---------- Provided records
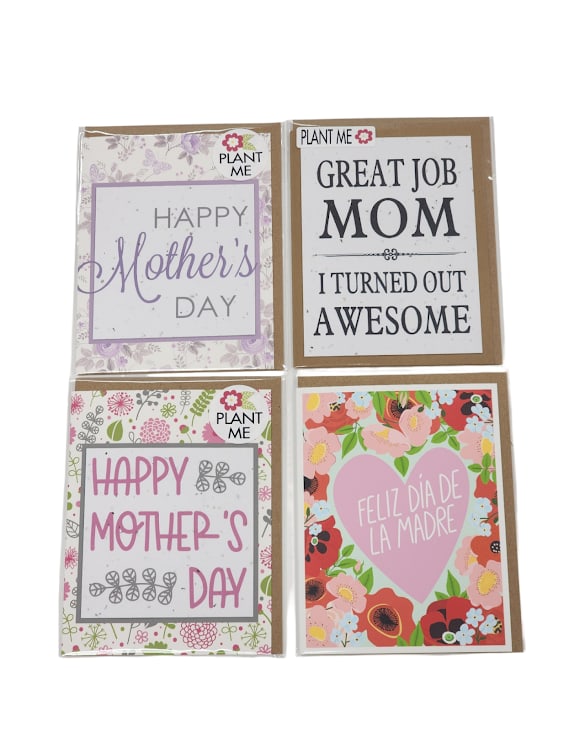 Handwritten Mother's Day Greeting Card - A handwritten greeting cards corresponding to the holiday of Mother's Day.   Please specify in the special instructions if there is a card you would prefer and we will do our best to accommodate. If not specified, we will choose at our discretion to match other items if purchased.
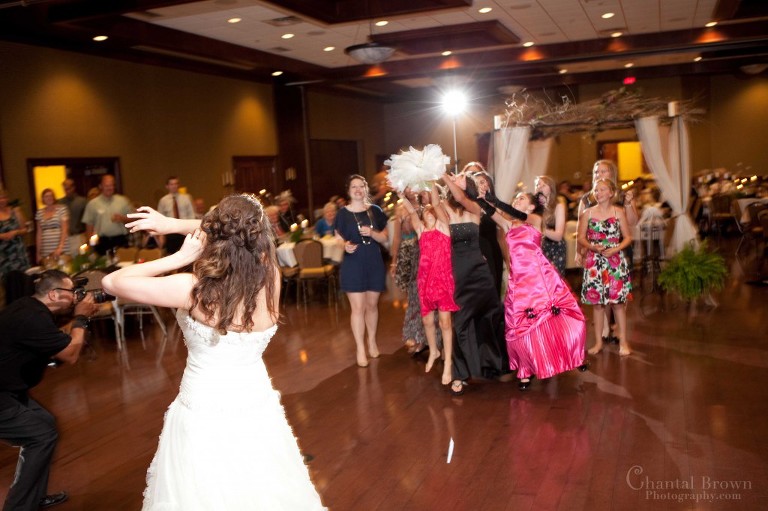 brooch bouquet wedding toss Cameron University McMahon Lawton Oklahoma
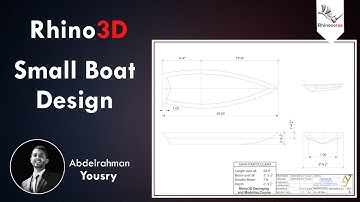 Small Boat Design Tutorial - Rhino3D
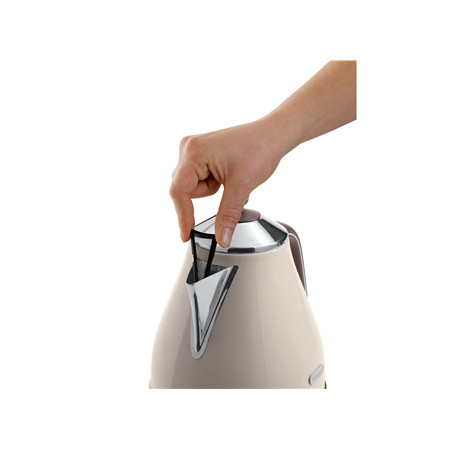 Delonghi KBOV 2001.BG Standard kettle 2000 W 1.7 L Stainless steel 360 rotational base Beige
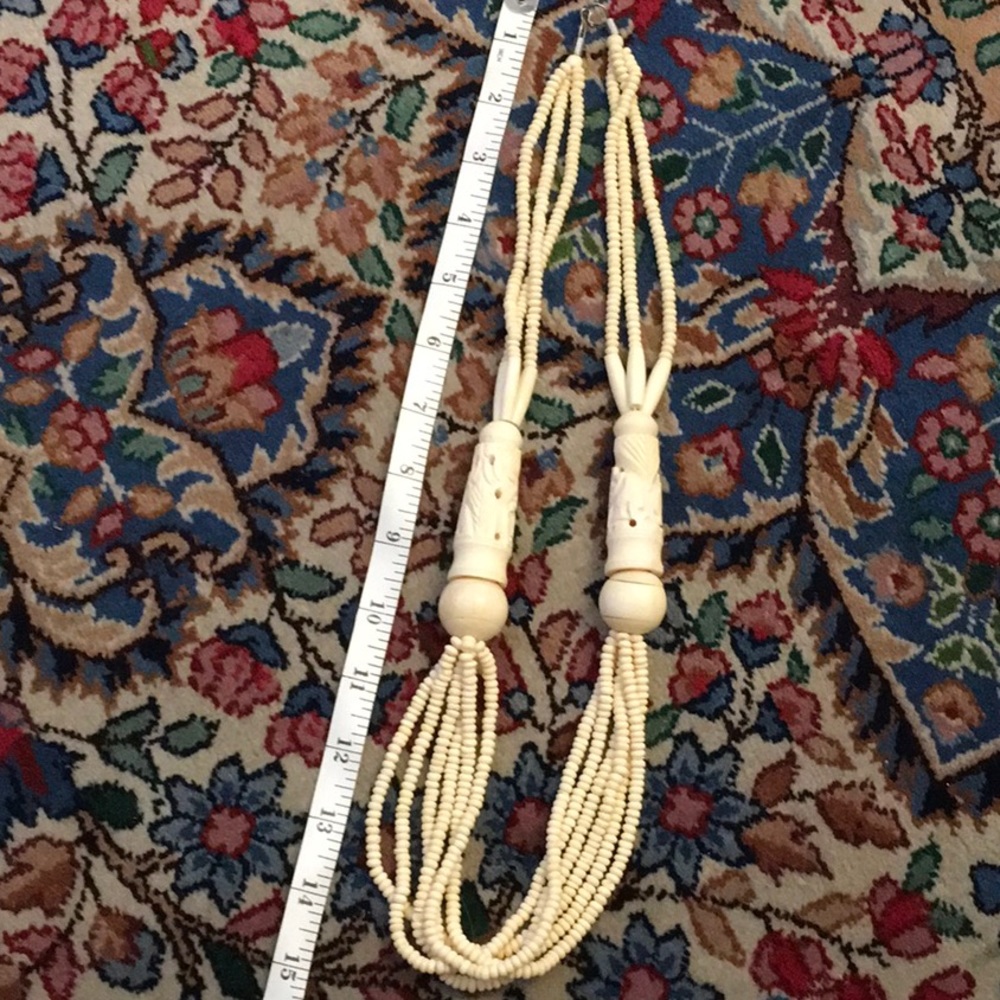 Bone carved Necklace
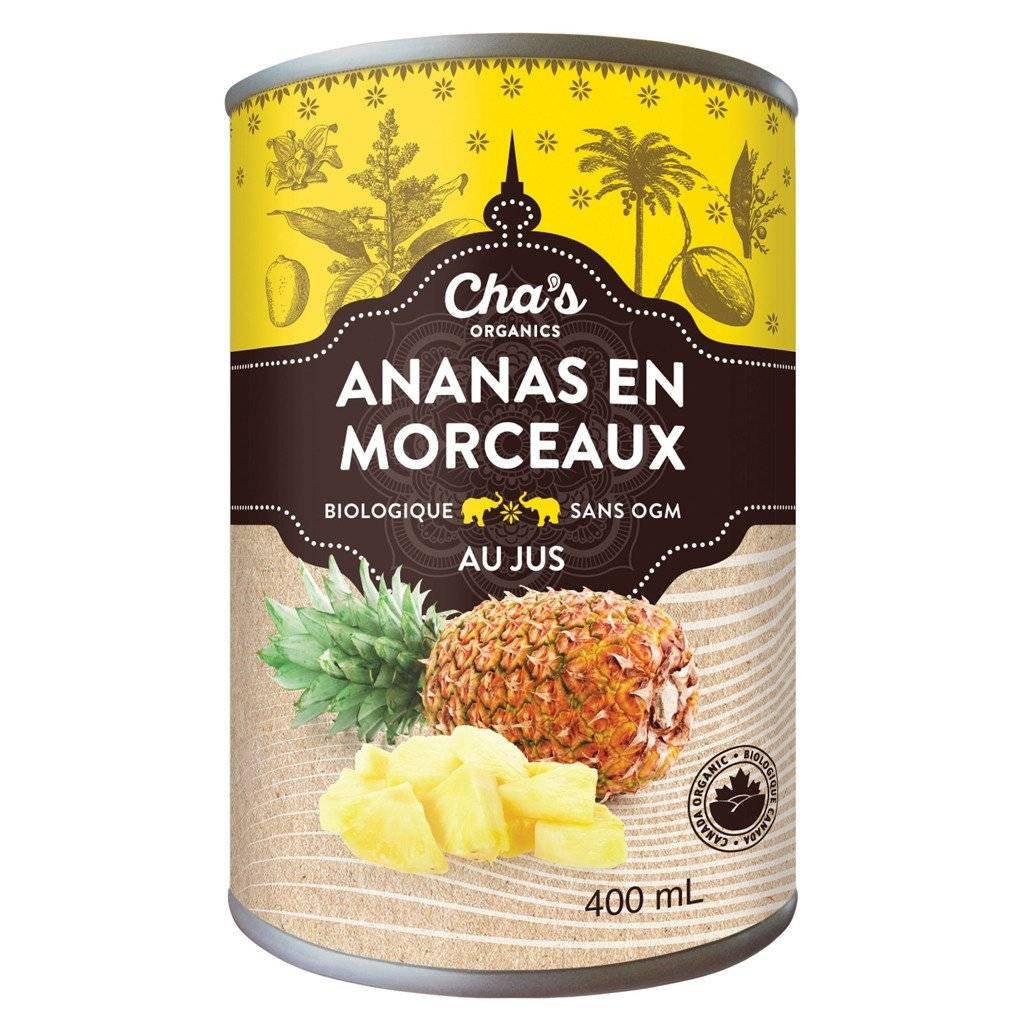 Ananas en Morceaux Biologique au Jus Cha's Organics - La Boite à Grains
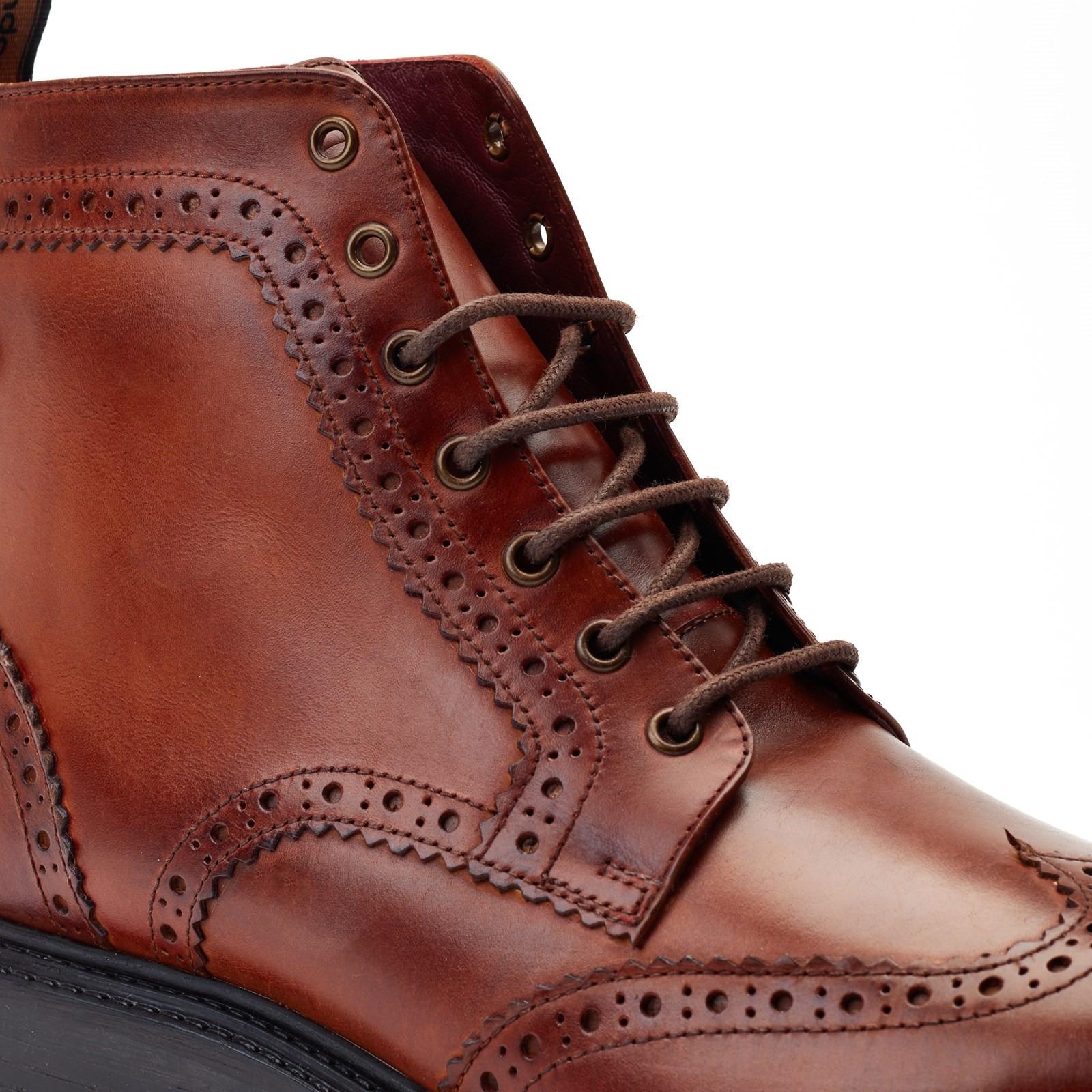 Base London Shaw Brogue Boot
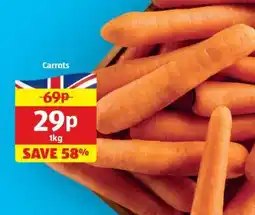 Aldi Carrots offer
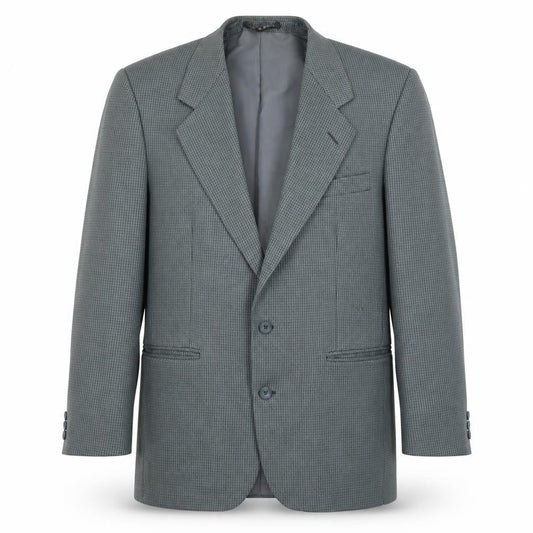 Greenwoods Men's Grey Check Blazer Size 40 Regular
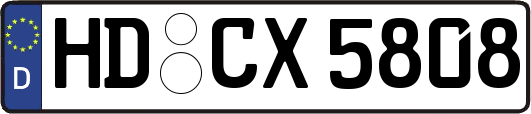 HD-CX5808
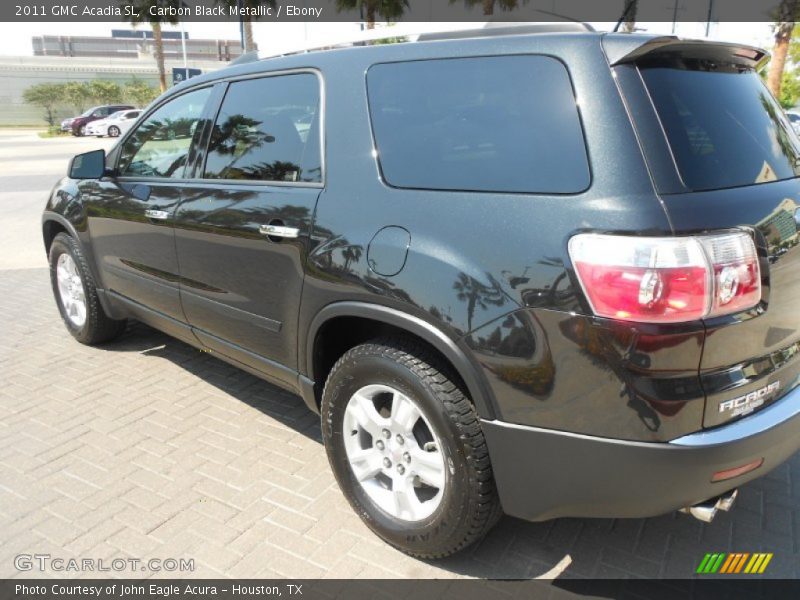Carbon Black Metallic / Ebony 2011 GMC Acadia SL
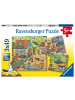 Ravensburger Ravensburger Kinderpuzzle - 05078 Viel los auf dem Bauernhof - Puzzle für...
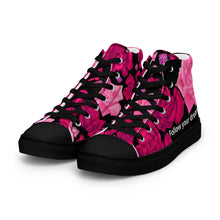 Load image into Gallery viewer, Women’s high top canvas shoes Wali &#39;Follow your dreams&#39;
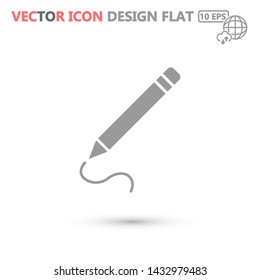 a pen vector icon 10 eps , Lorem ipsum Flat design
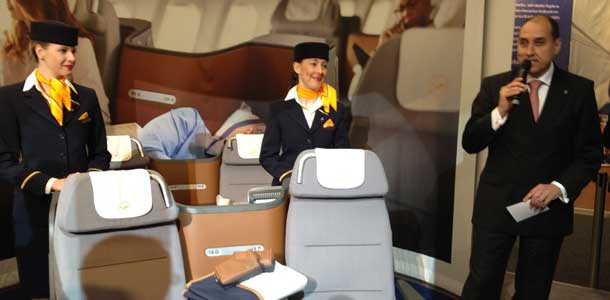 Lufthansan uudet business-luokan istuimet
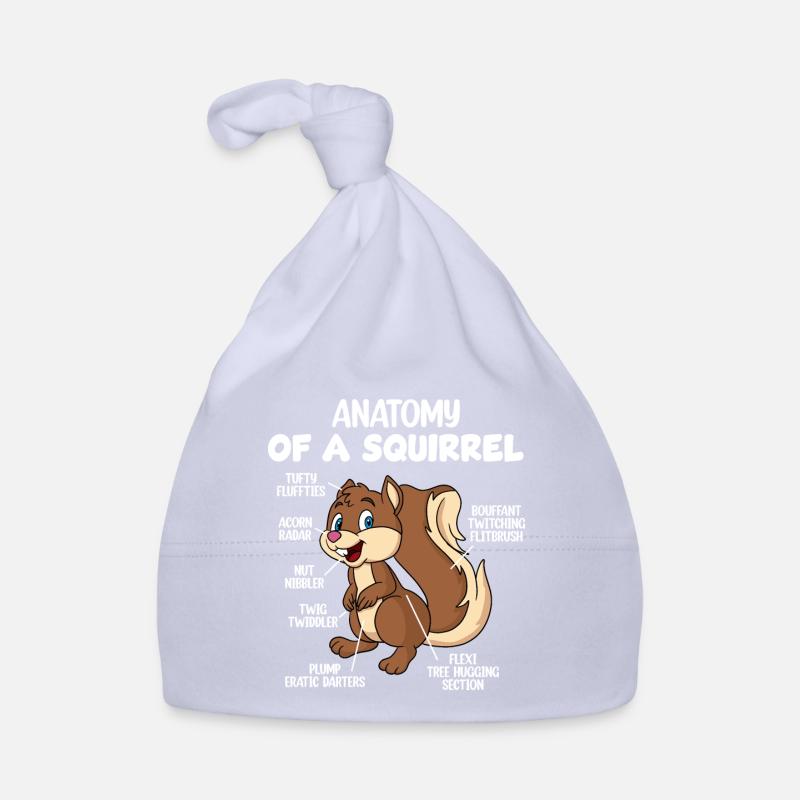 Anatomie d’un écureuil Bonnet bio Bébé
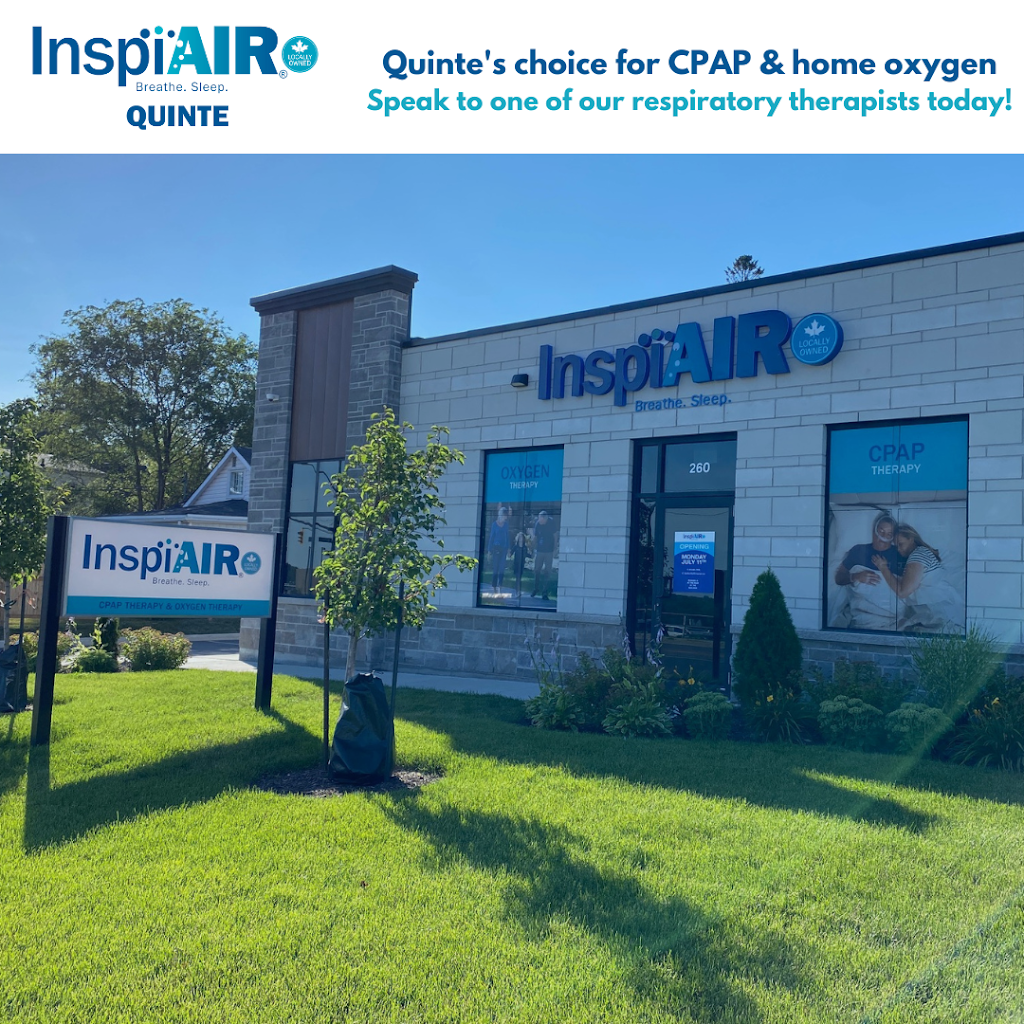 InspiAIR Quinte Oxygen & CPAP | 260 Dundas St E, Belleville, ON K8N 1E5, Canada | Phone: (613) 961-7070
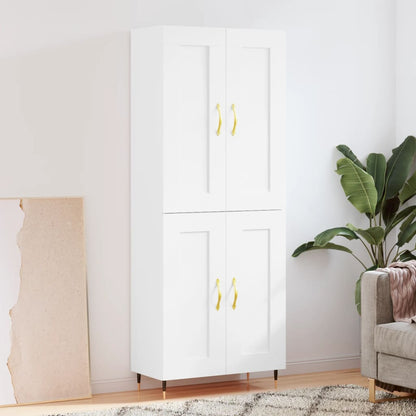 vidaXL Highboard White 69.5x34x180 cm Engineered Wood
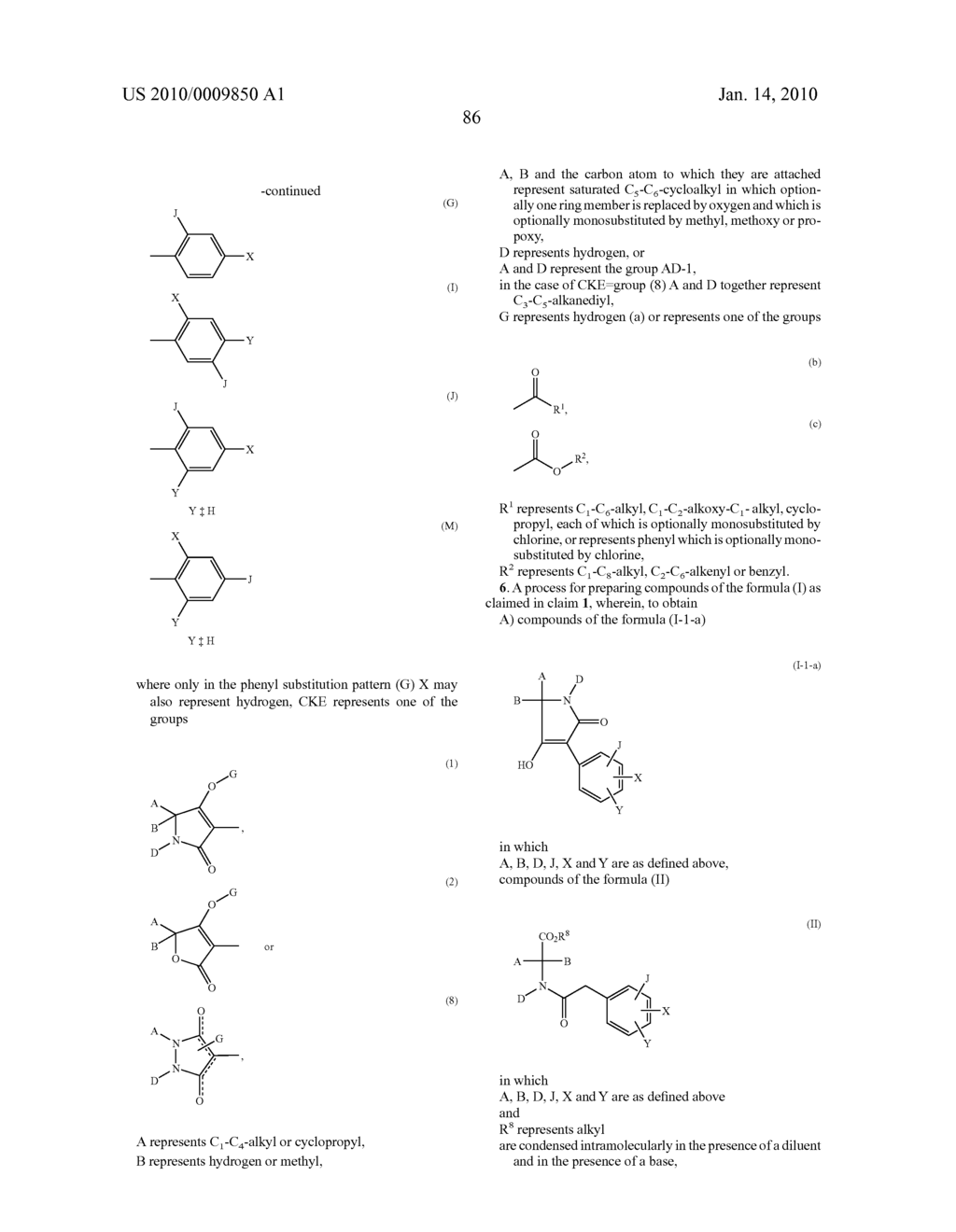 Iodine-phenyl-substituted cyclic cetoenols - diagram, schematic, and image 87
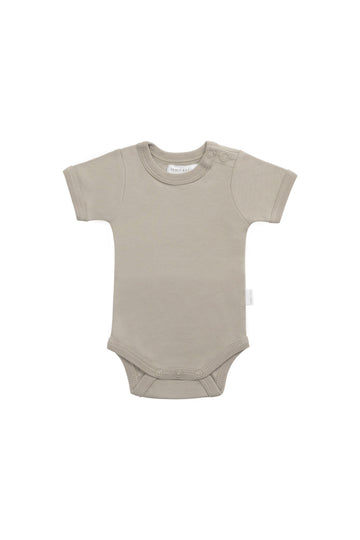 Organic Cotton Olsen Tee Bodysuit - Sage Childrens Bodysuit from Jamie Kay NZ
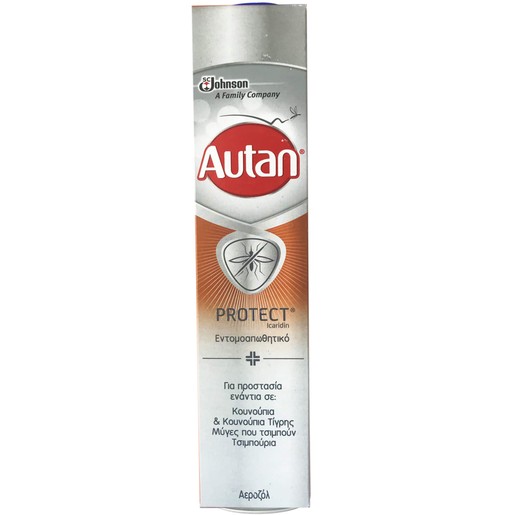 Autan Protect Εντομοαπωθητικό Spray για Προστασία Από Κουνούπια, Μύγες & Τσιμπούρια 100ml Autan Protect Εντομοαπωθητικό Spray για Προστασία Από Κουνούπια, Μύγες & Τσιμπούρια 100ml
--------------------
* [Required action] Leaving the pictures out, print every line of the listing exactly.

* [Reply]
 Handwritten Mother's Day Greeting Card - A handwritten greeting cards corresponding to the holiday of Mother's Day.   Please specify in the special instructions if there is a card you would prefer and we will do our best to accommodate. If not specified, we will choose at our discretion to match other items if purchased.
 brooch bouquet wedding toss Cameron University McMahon Lawton Oklahoma
 Small Boat Design Tutorial - Rhino3D
 Delonghi KBOV 2001.BG Standard kettle 2000 W 1.7 L Stainless steel 360 rotational base Beige
 Bone carved Necklace
 Ananas en Morceaux Biologique au Jus Cha's Organics - La Boite à Grains
 Base London Shaw Brogue Boot
 Aldi Carrots offer
 Greenwoods Men's Grey Check Blazer Size 40 Regular
 HD-CX5808
Carbon Black Metallic / Ebony 2011 GMC Acadia SL
 Ravensburger Ravensburger Kinderpuzzle - 05078 Viel los auf dem Bauernhof - Puzzle für...
 Load image into Gallery viewer, Women’s high top canvas shoes Wali &#39;Follow your dreams&#39;
 a pen vector icon 10 eps , Lorem ipsum Flat design
 Lufthansan uudet business-luokan istuimet
 Anatomie d’un écureuil Bonnet bio Bébé
 InspiAIR Quinte Oxygen & CPAP | 260 Dundas St E, Belleville, ON K8N 1E5, Canada | Phone: (613) 961-7070
 vidaXL Highboard White 69.5x34x180 cm Engineered Wood
 Iodine-phenyl-substituted cyclic cetoenols - diagram, schematic, and image 87
 Organic Cotton Olsen Tee Bodysuit - Sage Childrens Bodysuit from Jamie Kay NZ
 Autan Protect Εντομοαπωθητικό Spray για Προστασία Από Κουνούπια, Μύγες & Τσιμπούρια 100ml Autan Protect Εντομοαπωθητικό Spray για Προστασία Από Κουνούπια, Μύγες & Τσιμπούρια 100ml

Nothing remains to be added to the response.